Jack Edwards: A Ton and a Half


Jack Edwards: A Ton and a Half

In the early 2000s, a marathoner turned boundary coach at the Diamond Valley FL had somehow convinced his eldest son to follow suit as an umpire. A self-proclaimed fat-kid who loved basketball, picked up the whistle and took to field umpiring instead of the boundary in 2004 because “It paid more and you ran less.” Fast-forward almost 20 years and Jack Edwards is notching up game 150 in the VFL!

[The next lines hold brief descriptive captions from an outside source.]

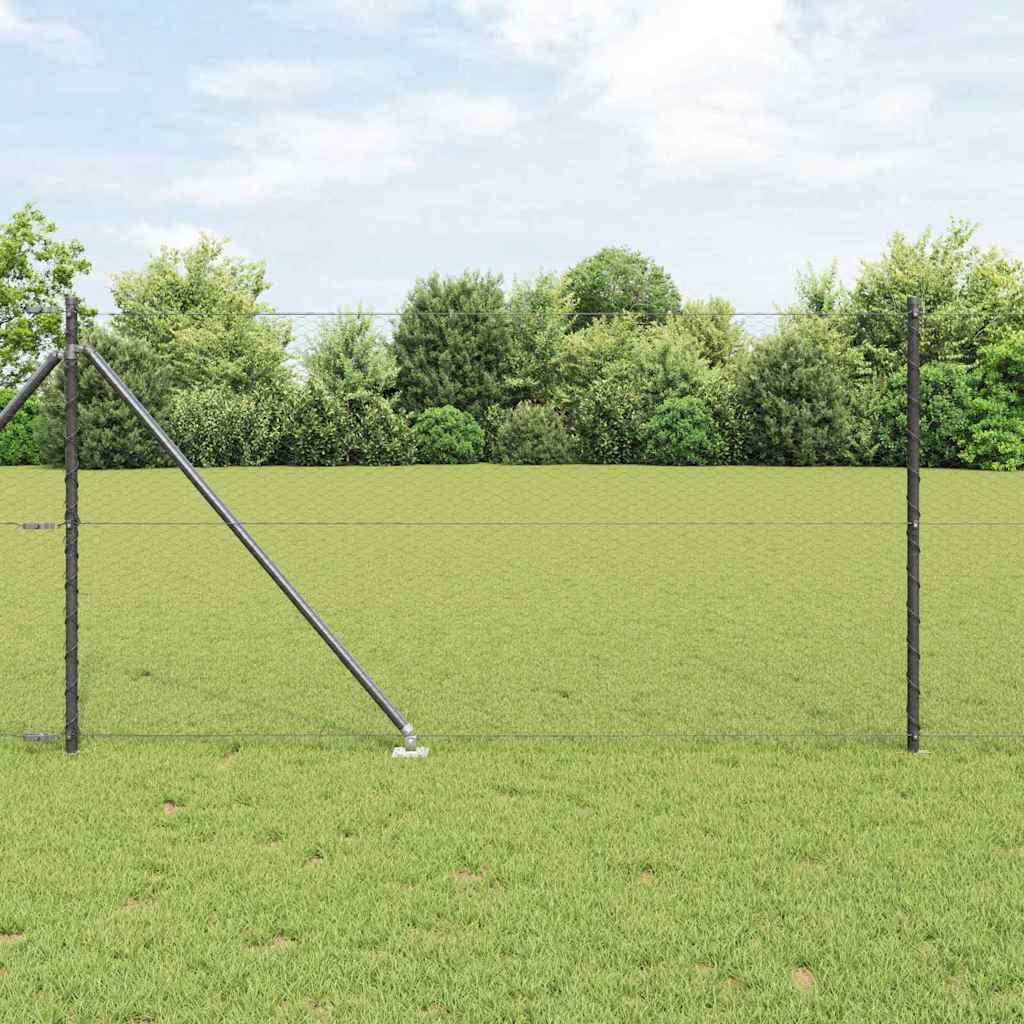 Hexagonhegn Grå 1x10 m Stål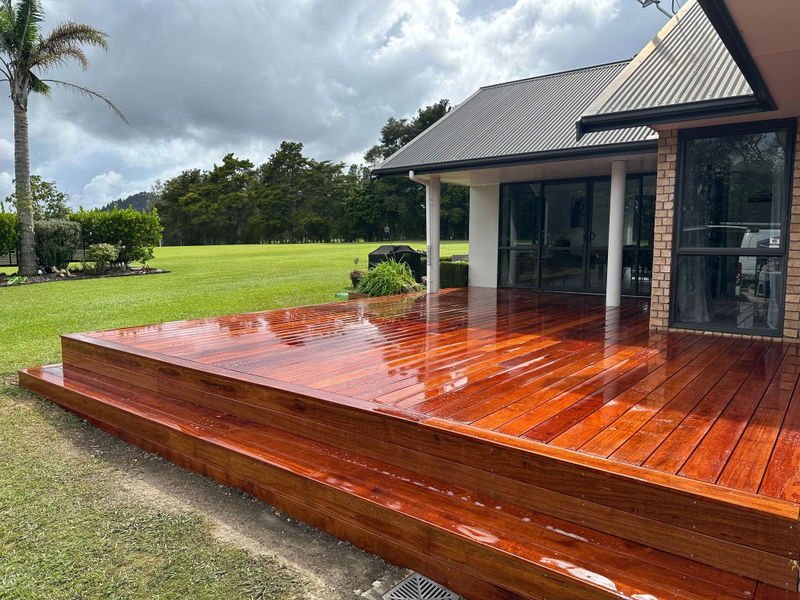 Decking project in Northland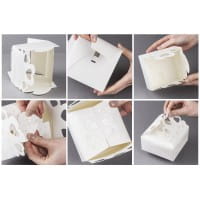 Zier-Faltboxen, Design 2, 13cm x 13cm x 5,5cm, 10 Stück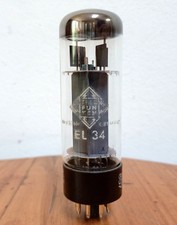  Telefunken EL34 (Mullard) tube Röhre OO getter tested  strong106% like New
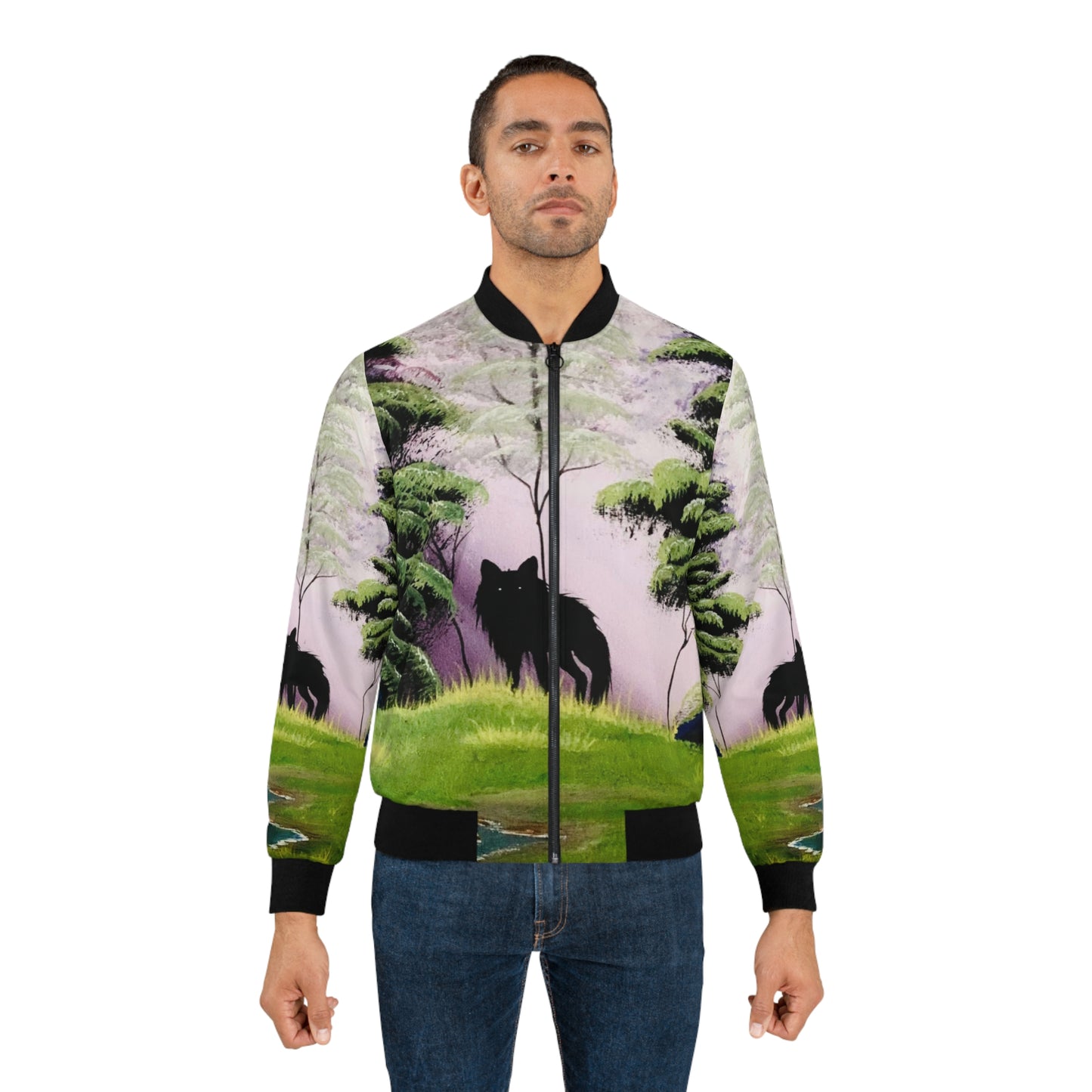 Men's Bomber Jacket (AOP)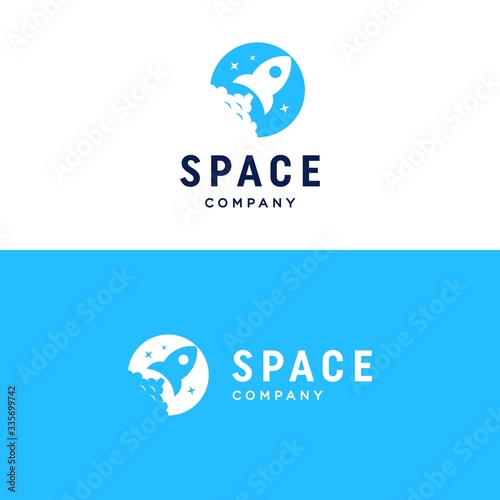 Rocket launcher flat logo vector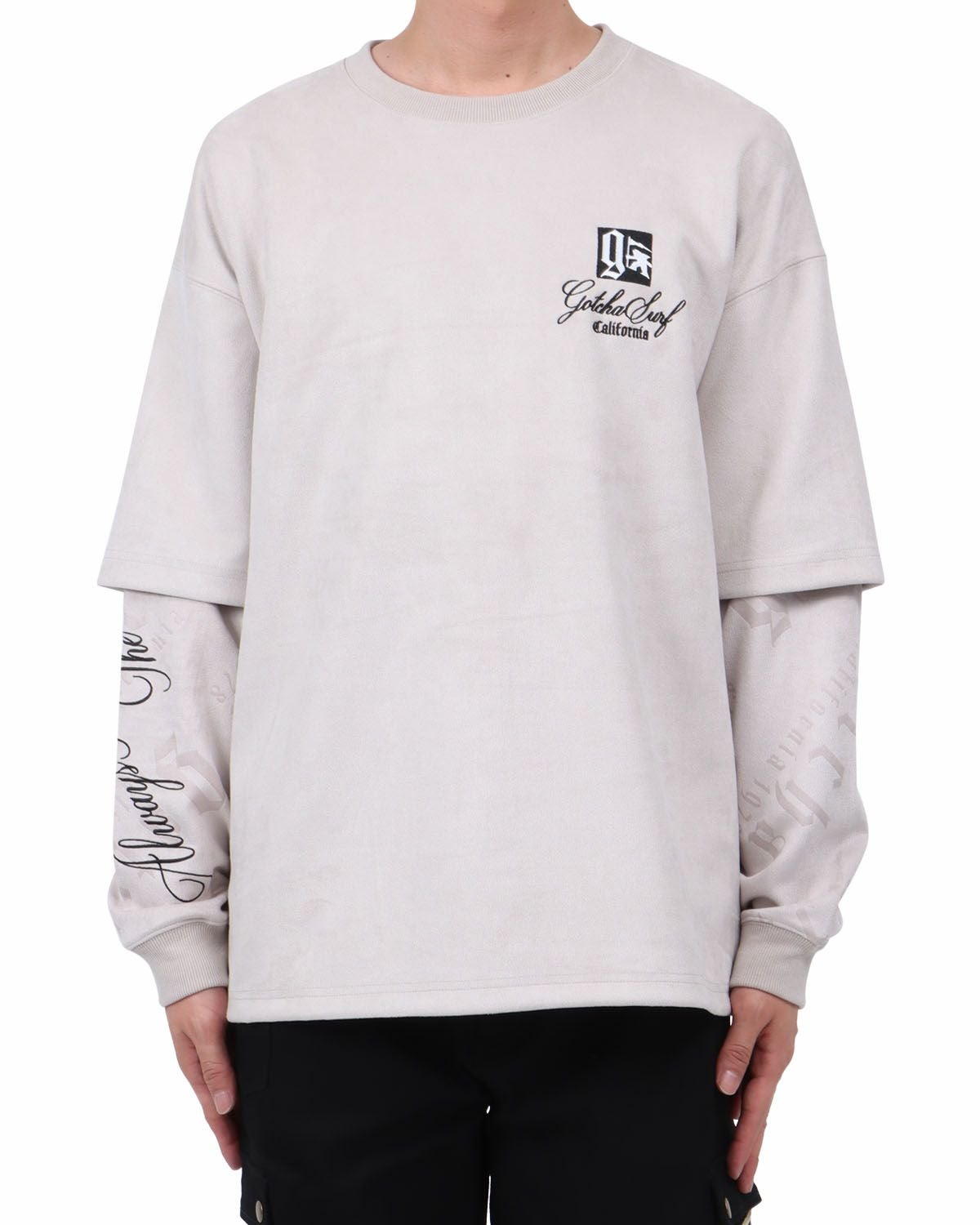 サンドベージュ：174cm62kg(Lサイズ着用)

This sort of milestone, that has only been reached by 13 others before him, is significant to everyone in their own way. For Jack, it acknowledges 10 years of umpiring State League football and 10 years of good mates, good times and lots of enjoyment. “Not many get there so I’m very lucky. It signifies the story I’ll have when I move away from the game,” he explained recently while chowing down a cheap $19 steak.

When you’ve umpired that many games, many of them blur into one, but for Jack, there was one stand out – The Lock-out Game.

That game was the 2014 Preliminary Final at North Port Oval. It was Port Melbourne and Footscray. The crowd was that big, they had to lock the gates. “The atmosphere was electric. Scores were level at the 21min mark of the last quarter.” It’s no wonder he went on to be appointed to the VFL Grand Final the following week.

In amongst his 10 years at State League level include 2 years on the AFL list. He may have only notched up 11 games, but those 11 games have left that hunger to climb back on to that list. His AFL debut, Melbourne vs Hawthorn in round 7 of 2015, also left a couple of memorable moments. He had a dreaded score review in the first quarter when David Hale took a towering mark on the behind line. But the biggest accomplishment is flooring Viv Michie.

We all know being an AFL umpire has it’s perks, and Jack took full advantage when he told the story of being appointed to a game on the day of his engagement party. “I spoke to Mel to see if she would be able to get everything ready so I could have a crack that night. So I organized dad to go and get the car with 10mins to go in the last quarter and go wait at the Moorabool St entrance for when the siren went. I was in the car and on the highway when the theme song was still playing.”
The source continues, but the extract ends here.